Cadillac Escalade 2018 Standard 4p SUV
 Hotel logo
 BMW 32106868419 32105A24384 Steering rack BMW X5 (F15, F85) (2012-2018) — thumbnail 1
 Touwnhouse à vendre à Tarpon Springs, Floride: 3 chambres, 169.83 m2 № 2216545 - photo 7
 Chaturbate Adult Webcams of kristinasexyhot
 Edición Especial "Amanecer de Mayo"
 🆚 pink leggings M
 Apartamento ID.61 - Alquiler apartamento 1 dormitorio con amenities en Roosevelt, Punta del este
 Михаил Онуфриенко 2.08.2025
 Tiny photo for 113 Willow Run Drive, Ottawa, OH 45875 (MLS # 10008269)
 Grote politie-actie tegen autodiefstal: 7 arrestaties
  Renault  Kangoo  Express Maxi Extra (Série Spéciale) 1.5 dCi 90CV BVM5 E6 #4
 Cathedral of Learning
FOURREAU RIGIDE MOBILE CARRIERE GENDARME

---

▶ **Prompt**
Return the data above in full, keeping each line exactly as it stands.

▶ **Answer space**
Cadillac Escalade 2018 Standard 4p SUV
 Hotel logo
 BMW 32106868419 32105A24384 Steering rack BMW X5 (F15, F85) (2012-2018) — thumbnail 1
 Touwnhouse à vendre à Tarpon Springs, Floride: 3 chambres, 169.83 m2 № 2216545 - photo 7
 Chaturbate Adult Webcams of kristinasexyhot
 Edición Especial "Amanecer de Mayo"
 🆚 pink leggings M
 Apartamento ID.61 - Alquiler apartamento 1 dormitorio con amenities en Roosevelt, Punta del este
 Михаил Онуфриенко 2.08.2025
 Tiny photo for 113 Willow Run Drive, Ottawa, OH 45875 (MLS # 10008269)
 Grote politie-actie tegen autodiefstal: 7 arrestaties
  Renault  Kangoo  Express Maxi Extra (Série Spéciale) 1.5 dCi 90CV BVM5 E6 #4
 Cathedral of Learning
FOURREAU RIGIDE MOBILE CARRIERE GENDARME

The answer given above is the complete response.